Ce Wicker Man est un bel ovni venu tout droit du Royaume-Uni, un film inclassable entre enquête policière, comédie burlesque et film d'horreur folk.
Certes, et c'est son grand défaut, il accuse le poids des années, en souffrant d'une esthétique seventies délicieuse en effet, mais qui atténue nettement le sentiment de peur, et sent le daté.
Néanmoins, c'est précisément parce qu'il est un film des années 70 que ce Dieu d'Osier est aussi libre de ton, libre esthétiquement et formellement. Il parvient en peu de temps à créer un univers visuel et iconique richissime (des petits symboles, des déguisements, des chansons, des figures mystiques partout).
Sans rien auquel le comparer (bien qu'il fasse penser au récent Midsommar qui semble s'en être très largement inspiré), il est un objet unique, qui jongle habilement avec les genres et plonge son spectateur dans un univers en décalage, qu'on sentira dès ses premières images. Par le refus puis l'hésitation qu'ont les habitants de l'île à venir chercher à la barque le policier qui nous sert de héros, par l'omniprésence des hommes et la sexualisation permanente (mais suffisamment bizarre et subtile pour ne devenir dérangeante que progressivement), le décalage est de plus en plus marqué.
Là où Robin Hardy est excellent c'est dans la naissance par de petits riens dérangeants d'un sentiment de malaise dont on ne saurait précisément déterminer l'origine. Il noie son spectateur sous des images dérangeantes ou grotesques qui le perdent progressivement.
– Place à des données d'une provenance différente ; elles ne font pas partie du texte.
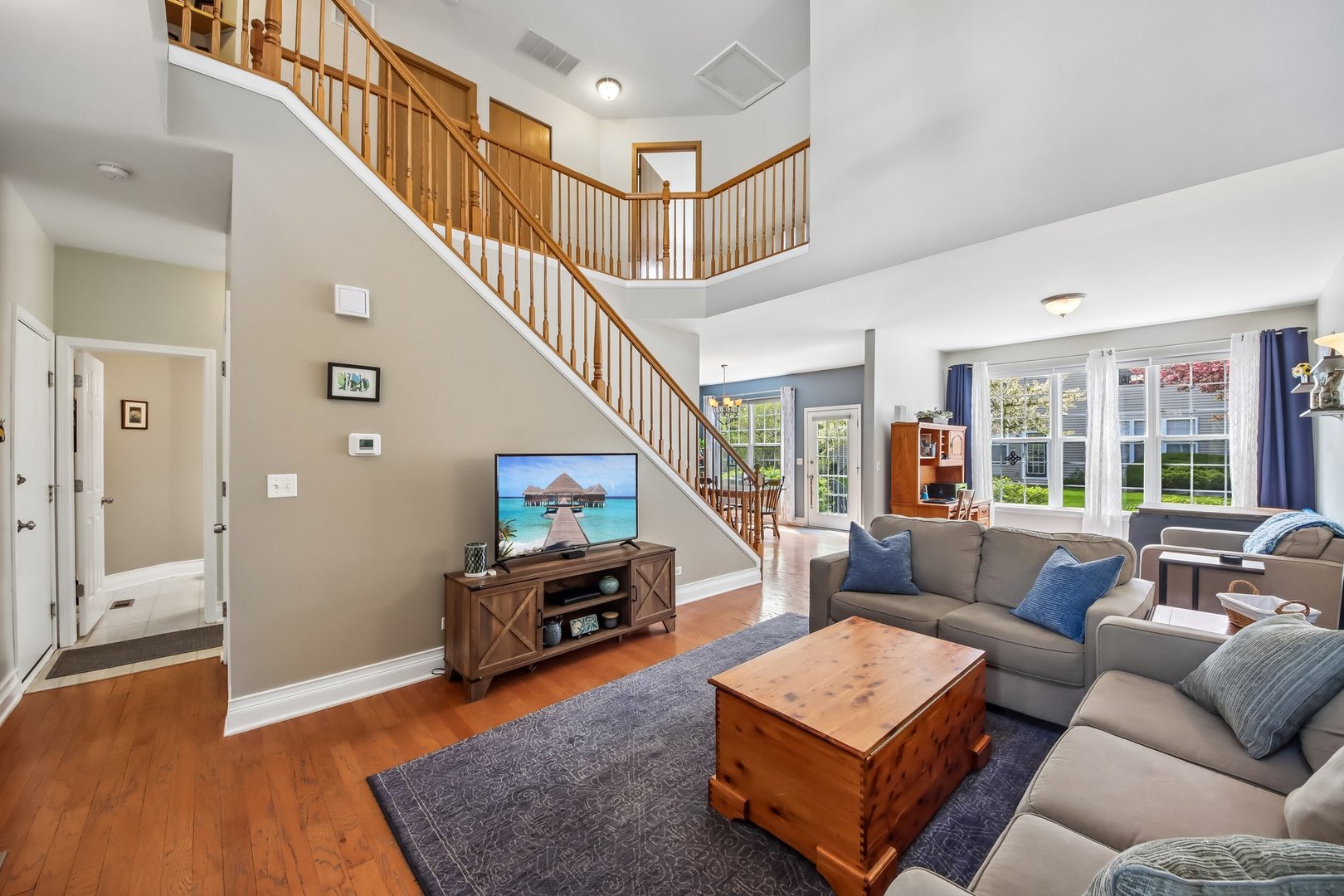 612 Shakespeare Drive, Grayslake, IL 60030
En faisant siens les codes du New Age et de la culture Hippie, il les décortique, les moque tout autant qu'ils s'en inspire, parodiant même souvent les comédies musicales de son temps.
Enfin c'est par sa vision relativiste des religions qu'il est particulièrement mordant, rebattant les cartes religieuses, mettant à plat toutes les conventions pour mieux en démontrer le fondement absurde et contingent, comparant dès son ouverture le christianisme aux rituels païens de cette culture insulaire, cette religion n'étant selon lui (et à raison) qu'une secte parmi tant d'autres mais qui au fil des siècles a réussi à s'imposer (laissant évidemment entendre par là qu'une tout autre aurait également pu le faire aussi bien), une secte donc, fondée sur des rituels considérés aujourd'hui comme majoritaires dans nos cultures européennes, et ne rimant pourtant à pas grand chose lorsqu'on les regarde avec l'œil vierge de l'anthropologue.
Il fait ainsi de notre seul point d'accroche dans ce monde si étrange de l'île, l'inspecteur de police protagoniste, chrétien jusqu'à l'os, un repère de fixité qui finit peu à peu par nous échapper, déstabilisant les apriori du spectateur et le poussant avec brio à la remise en question permanente.
Ainsi si The Wicker Man échoue peut-être un peu à être un glaçant film d'horreur, il estun brillant exercice libre, un objet filmique extravagant, et un traité (presque) fictif d'anthropologie et de relativisme culturel assez brillant.